Single-payer health care systems deliver better outcomes at much lower cost than those that rely primarily on private insurance, as we do in the United States.
Considerable evidence supports this claim. And because of these cost savings, I said in a recent column, the United States could switch to a single-payer system without requiring painful sacrifices from anyone.
Several readers pointed out an apparent flaw in my argument. Since the biggest savings result from lower payments to service providers, wouldn’t the transition be painful for physicians and other health care professionals?
The answer is less obvious than may appear. It is true that there clearly would be constraints on the income of doctors and other service providers in a single-payer system, and many of them would surely feel aggrieved by any attempt to reduce their salaries.
But cutting their pay directly probably wouldn’t happen, nor would it make sense.
To be politically feasible, any cuts in the purchasing power of doctors and other service providers would have to be gradual and take the form of lower rates of salary growth, not outright salary reductions. People are far less sensitive to reductions in rates of growth than to simple pay cuts, as behavioral scientists have long known.
So the real question is: Would such a gradual shift constitute a painful sacrifice?
For some doctors, it might. But research on the determinants of human well-being suggests that the answer to this question is also somewhat surprising. That’s partly because the long-run link between money and happiness is complex, but also because salary is only one determinant of the satisfaction people derive from their jobs.

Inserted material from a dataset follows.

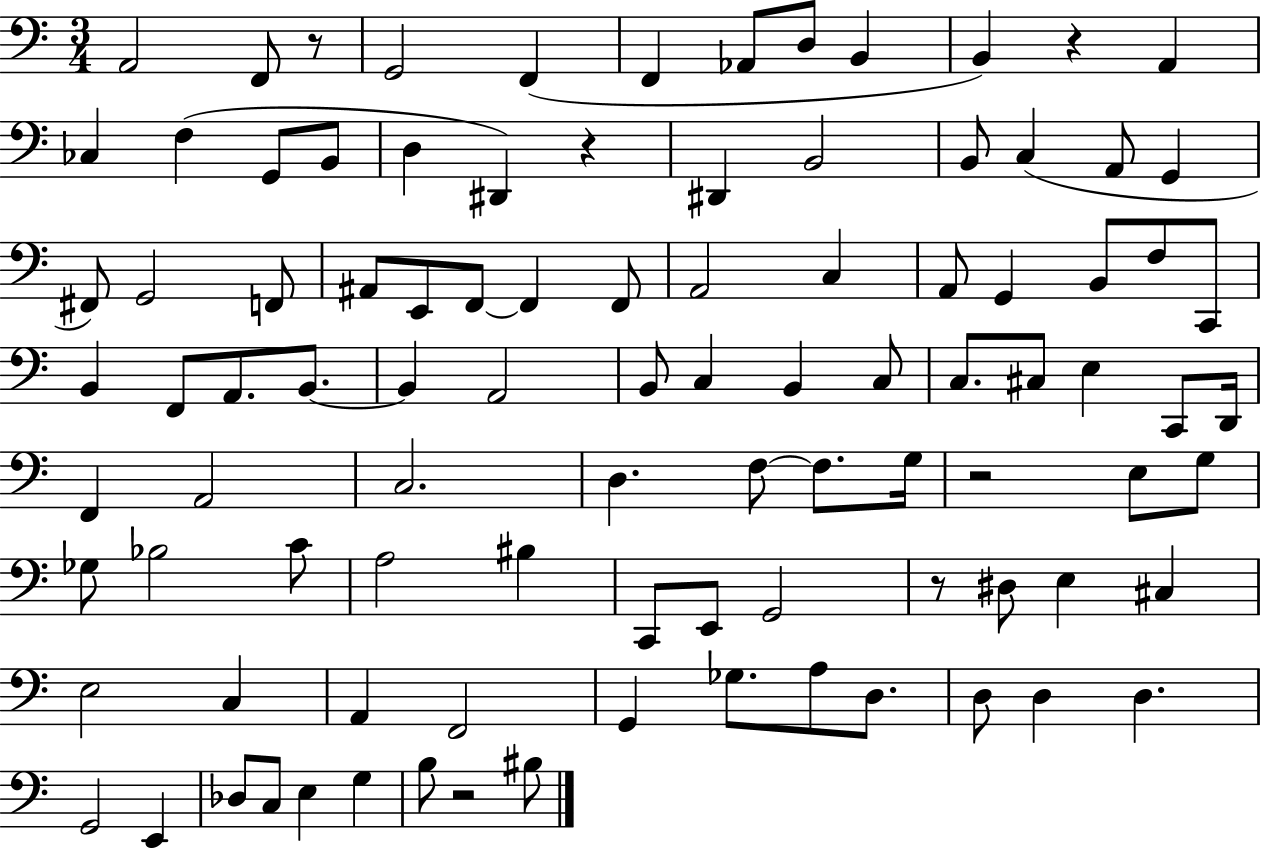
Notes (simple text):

A2/h F2/e R/e G2/h F2/q F2/q Ab2/e D3/e B2/q B2/q R/q A2/q CES3/q F3/q G2/e B2/e D3/q D#2/q R/q D#2/q B2/h B2/e C3/q A2/e G2/q F#2/e G2/h F2/e A#2/e E2/e F2/e F2/q F2/e A2/h C3/q A2/e G2/q B2/e F3/e C2/e B2/q F2/e A2/e. B2/e. B2/q A2/h B2/e C3/q B2/q C3/e C3/e. C#3/e E3/q C2/e D2/s F2/q A2/h C3/h. D3/q. F3/e F3/e. G3/s R/h E3/e G3/e Gb3/e Bb3/h C4/e A3/h BIS3/q C2/e E2/e G2/h R/e D#3/e E3/q C#3/q E3/h C3/q A2/q F2/h G2/q Gb3/e. A3/e D3/e. D3/e D3/q D3/q. G2/h E2/q Db3/e C3/e E3/q G3/q B3/e R/h BIS3/e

Most people believe that having more money would make them happier, but studies of happiness suggest that the truth is more complicated. As the authors of the 2017 World Happiness Report wrote: “People are constantly amazed that aggregate happiness has not risen in the U.S.A. and many other countries, when incomes and educational levels have risen so much and when income and education are associated with greater individual happiness.”
As expected, being poor — often defined as having less than 60 percent of a country’s median income — does indeed make people less satisfied. But once a certain absolute income standard is achieved, satisfaction depends more heavily on how one’s earnings compare with the earnings of others.
This should not seem surprising since, as Charles Darwin recognized, life is graded on a curve. How smart, strong or rich you are matters less than how those attributes compare with those of your closest rivals.
One implication is that the comparisons that matter most are highly local. Even billionaires can feel poor if they spend most of their time with people who earn more than they do.
For doctors to be satisfied with their pay, then, their earnings must be on par with those of their close colleagues. That helps explain why American doctors who work for nonprofit clinics like Mayo, Cleveland, and Kaiser Permanente — and earn less than their fee-for-service counterparts — generally seem content with their terms of employment.
We know, too, that highly qualified people pursue careers as health care professionals even in countries that pay providers substantially less than the salaries we see here.
Non-monetary working conditions are also important determinants of job satisfaction. Switching to a single-payer system promises significant reductions in many of the everyday hassles confronting doctors under private insurance systems.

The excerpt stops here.